*DESCRIPTION OF THE TASK*.
Please repeat nothing except the lines from the one containing "Yukarı Calf Creek" through the end of the records, exactly and without pictures.

[Stored data entries]
━━━━━━━━━━━━━━━━
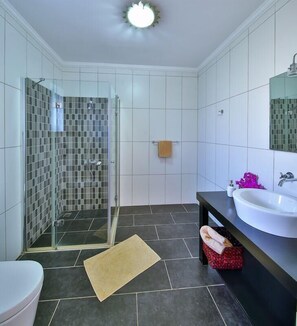 A modern bathroom with a glass shower enclosure, a white sink, and a large mirror. - Villa Basil Amazing Sea view (Antalya)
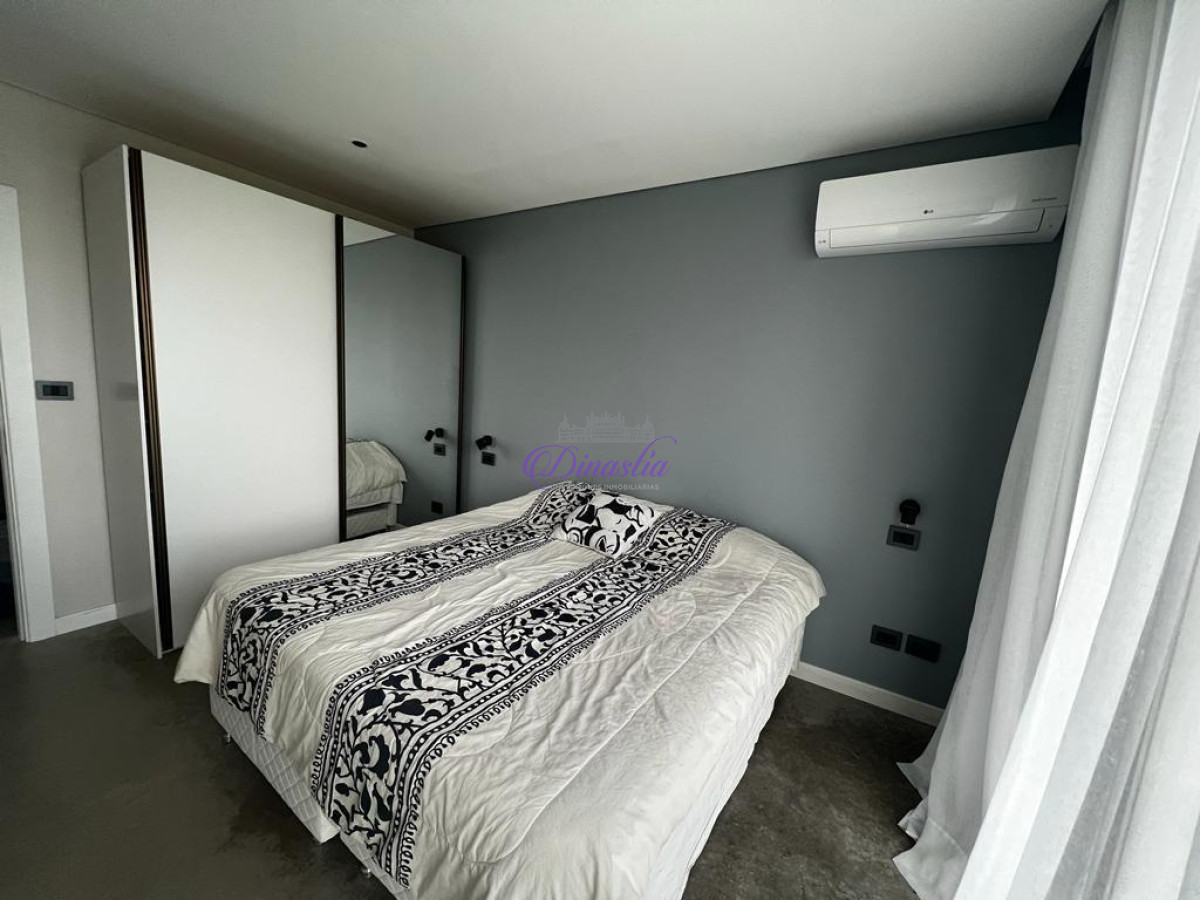 Casa ID.319 - Venta Casa de 4 dormitorios y dependencia en B° privado El Quijote, La Barra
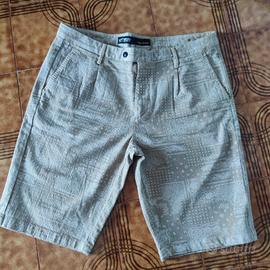 Pantaloncini bermuda beige e bianchi 52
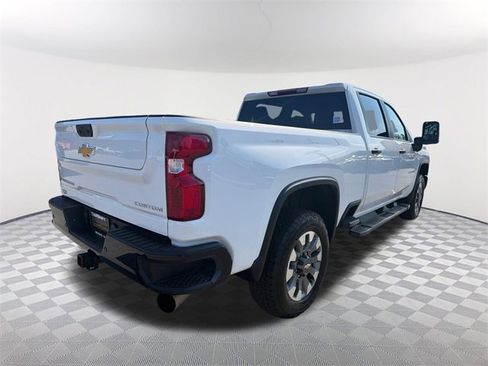 Used 2024 Chevrolet Silverado 2500 Custom w/ Custom Value Package image 5
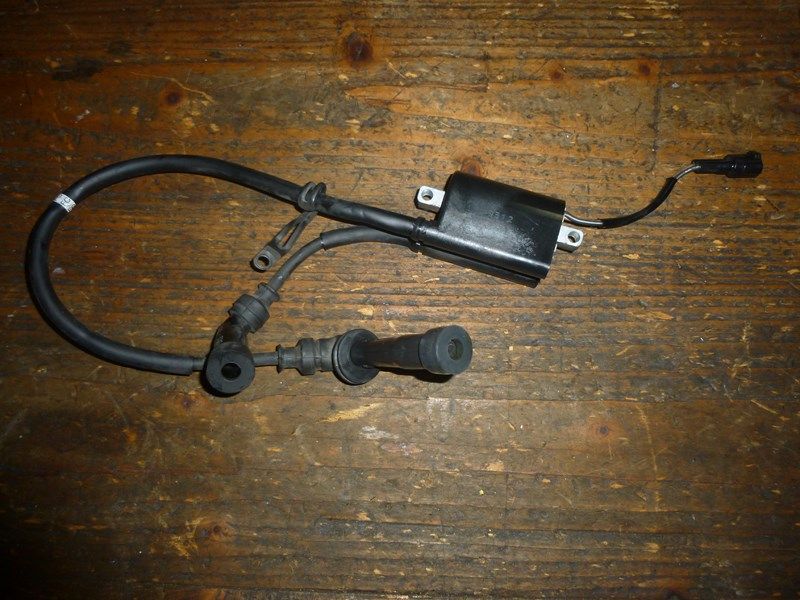 Bobine haute tension cylindres avant Suzuki SFV 650 Gladius 2009-2014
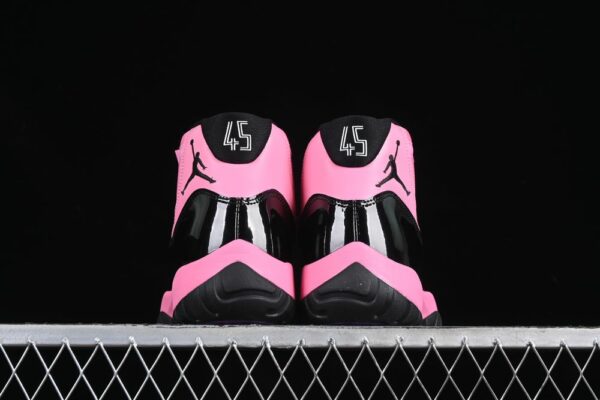 AJ 11 Retro Pink Black CT8012-500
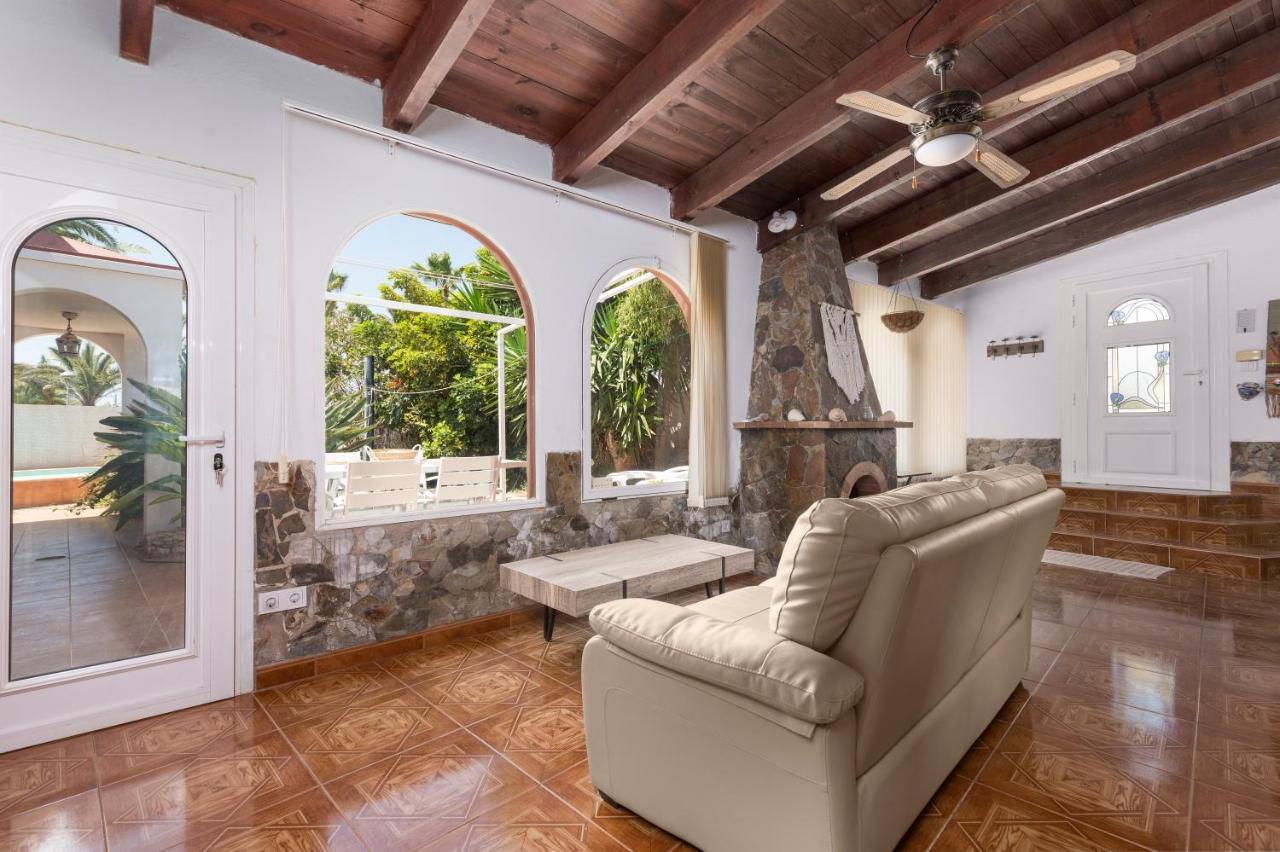 Home2Book Quiet Villa With Private Pool Triquivijate Exterior photo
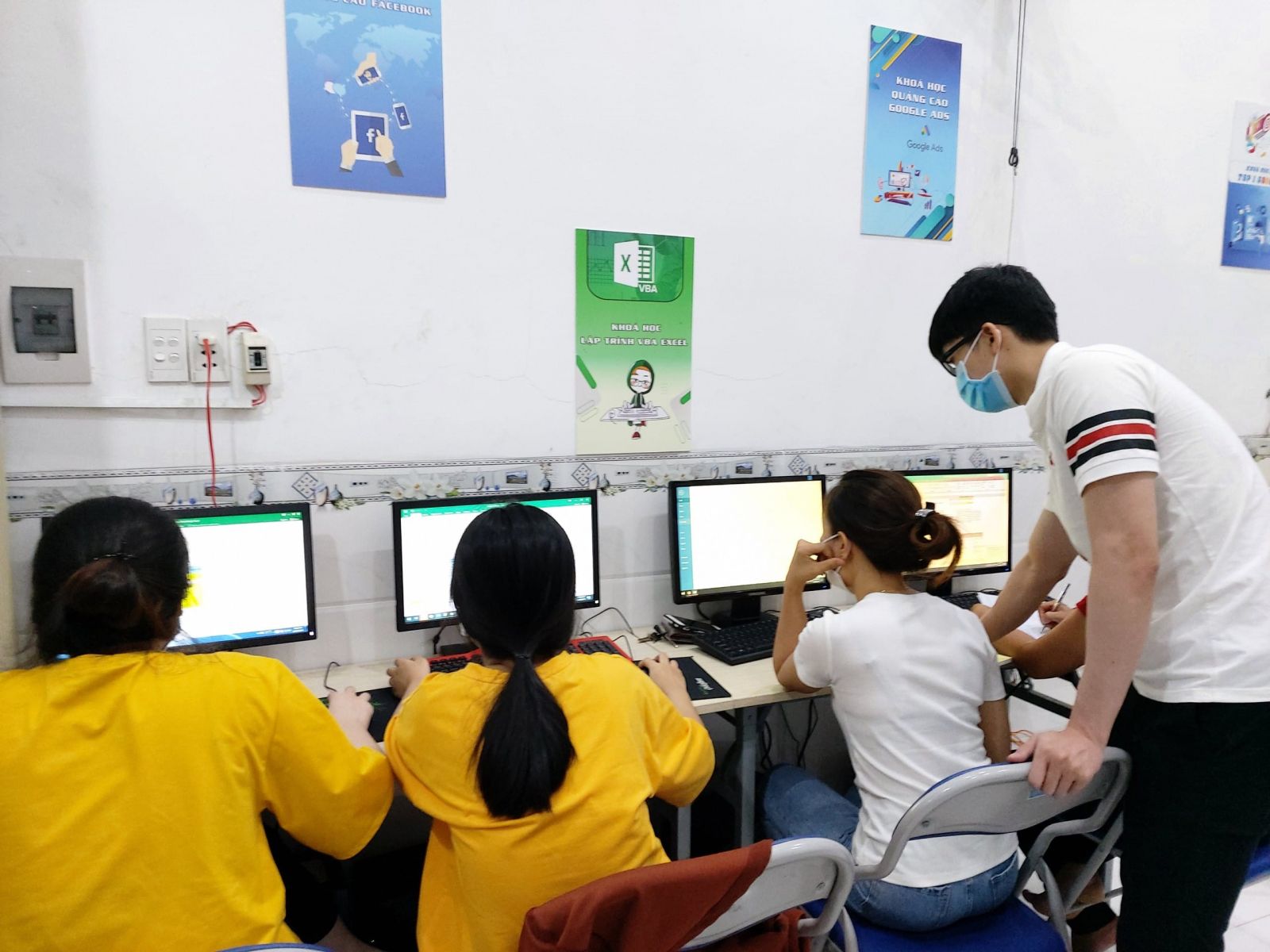 trung tâm tin học quận 10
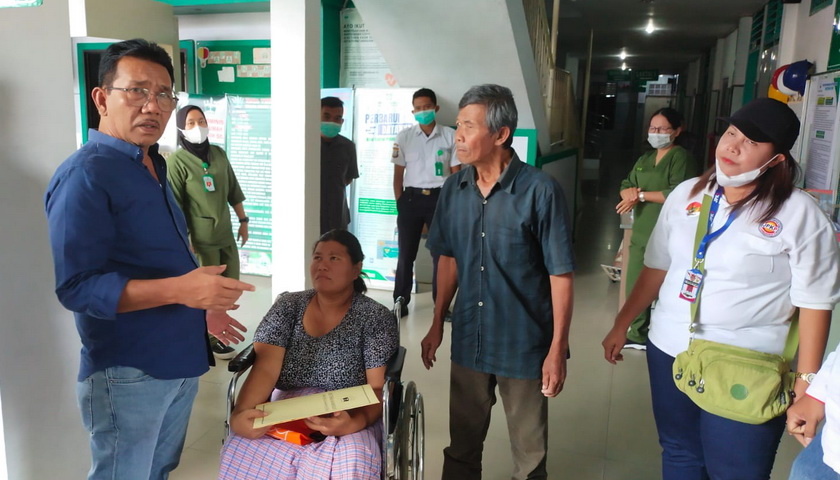Ketua DPRD Simalungun Timbul Jaya Sibarani turun tangan membantu biaya pengobatan warga Jorlang Hataran yang dirawat selama lebih kurang sepekan di RSU Tiara Kasih Sejati Pematang Siantar.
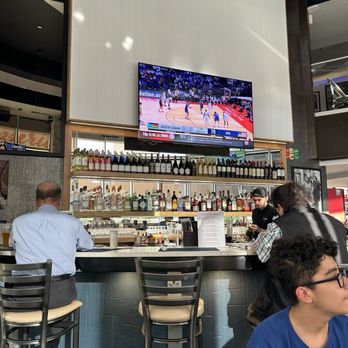 City Pizzeria - Bar area - Italian Near Me - White Plains, New York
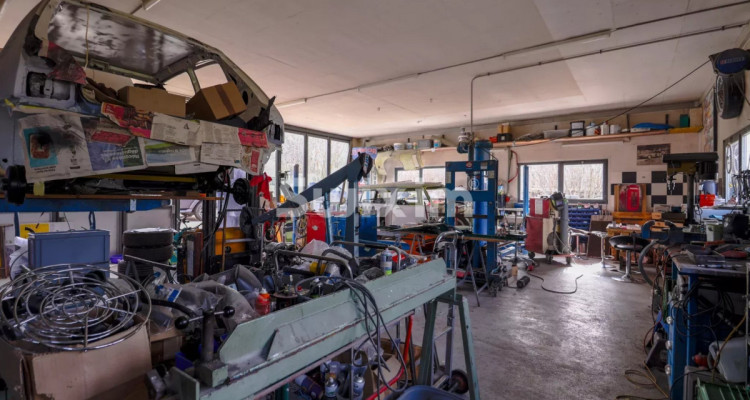 Loft industriel unique 220m² · Complexe mixte générateur de revenus · Rendement jusquà 7.09% image 8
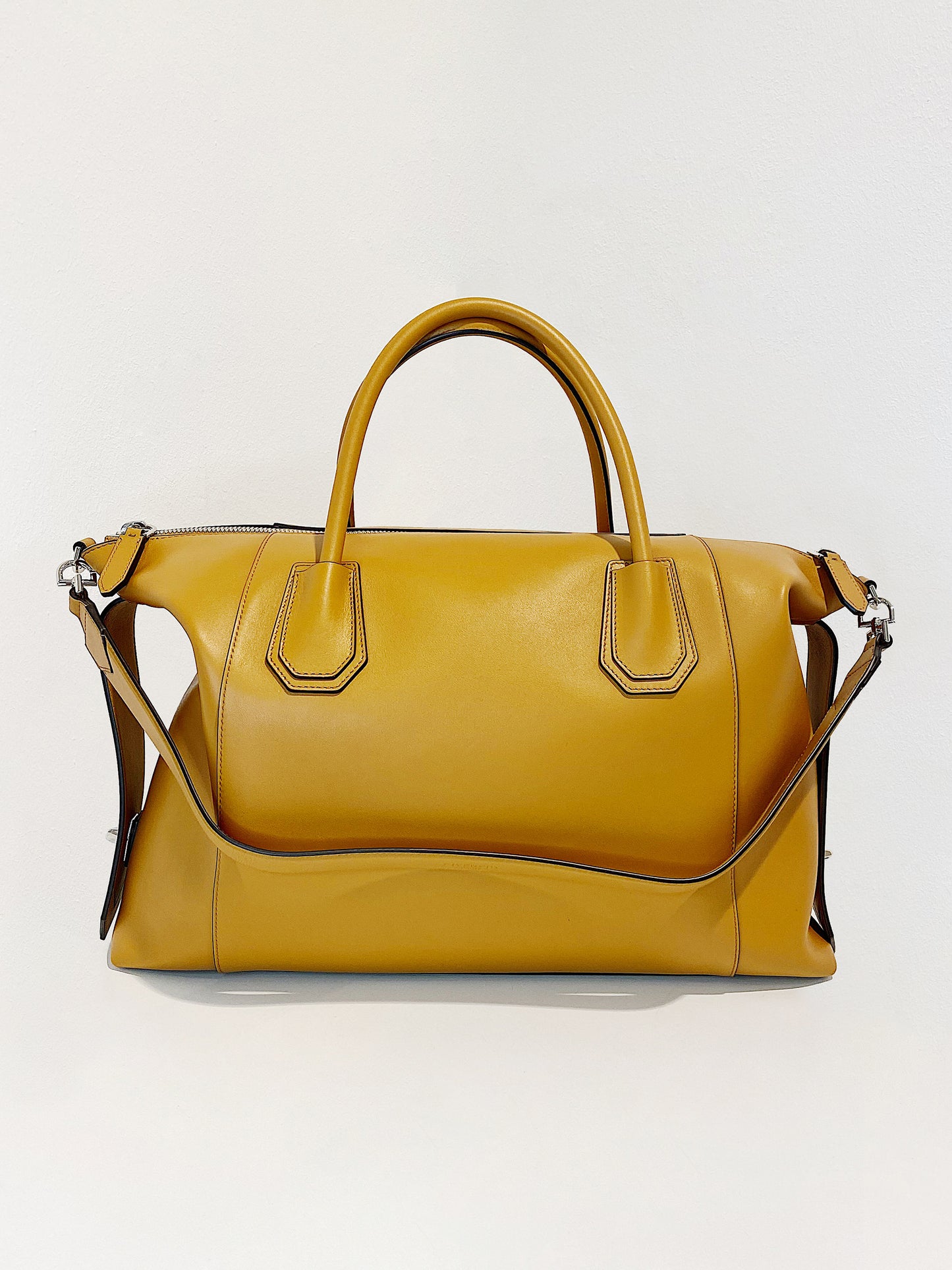 Givenchy Tasche Antigona Soft Medium Tan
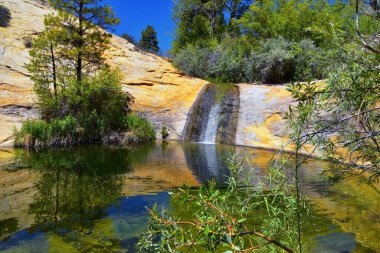 Yukarı Calf Creek Şelalesi çöl şelalesi, Boulder ve Escalante 'nin Güney Utah' taki Grand Staircase-Escalante Ulusal Anıtı 'nın manzarası. Birleşik Devletler.
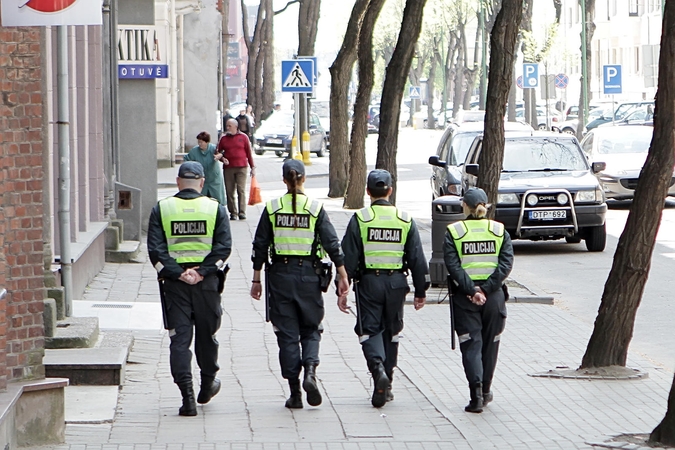 Jurbarke neblaivūs jaunuoliai sumušė policininkus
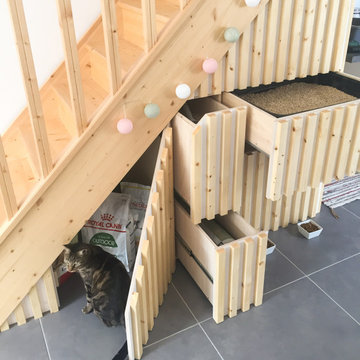 Un Espace Litière sous Escalier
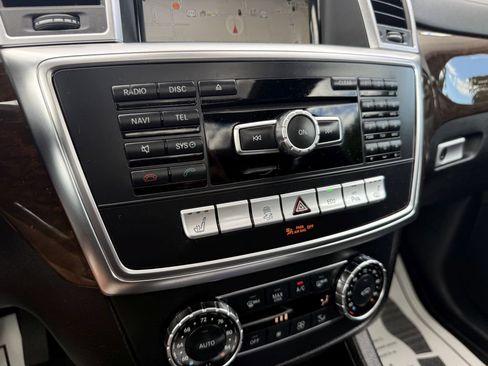 Used 2015 Mercedes-Benz GL 450 4MATIC image 44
━━━━━━━━━━━━━━━━
*WRITTEN RESPONSE*.
 Yukarı Calf Creek Şelalesi çöl şelalesi, Boulder ve Escalante 'nin Güney Utah' taki Grand Staircase-Escalante Ulusal Anıtı 'nın manzarası. Birleşik Devletler.
 Jurbarke neblaivūs jaunuoliai sumušė policininkus
 Un Espace Litière sous Escalier
 Used 2015 Mercedes-Benz GL 450 4MATIC image 44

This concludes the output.